When walking, it sometimes pays to look beyond the green and across the street.
At the beginning of Friedberger Anlage you can see the Hochbunker, once a World War II bunker built on the site of a synagogue destroyed by the Nazis. Today it is an exhibit space. At the park’s other end, cross the street to Bethmannpark, a green expanse that features a Chinese garden.
Feeling a little dehydrated, I stopped for something to drink at Trinkhalle Fein, now a cozy cafe. There used to be more than 800 Trinkhallen (drink halls) and Wasserhaeuschen (little water houses) in Frankfurt, kiosks where in the 19th century, Frankfurters could buy clean bubbly drinking water and meet with their neighbors. Today there are less that 300 dotting the city.

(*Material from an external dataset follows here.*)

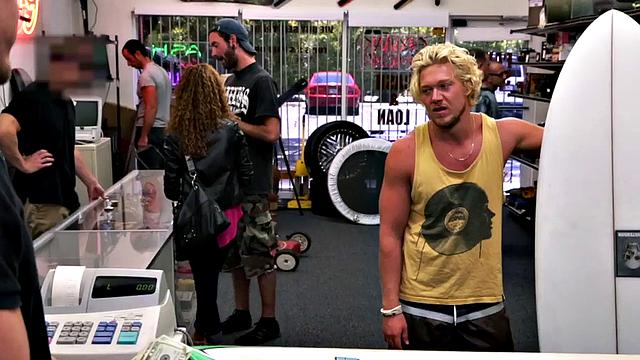 Amateur gaypawn 3some in pawn shop office after cum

A park within a park is the Buergergarten. Below street level, it is a quiet oasis in the busy city that features a sundial and a fountain that spouts water from Medusa’s head.
I stopped for lunch at Burger am Turm, a fast food joint — with delicious falafel — just around the corner from the Eschenheimer Tor, a gate tower that is one of the last remnants of Frankfurt’s medieval fortifications.
After lunch, I continued my stroll through the Bockenheimer Anlage, which Frankfurt American High School alumni might remember was a popular place to go when, uh, skipping school.
Although people were sitting alone or in pairs, the pond here was probably the most populated place on the stroll.
This park ends at the Alte Oper, the city’s former opera house — destroyed in WWII and rebuilt in the 1980s.
I decided to finish my walk through the Wallanlagen here. But the parks do continue back down to the banks of the Main.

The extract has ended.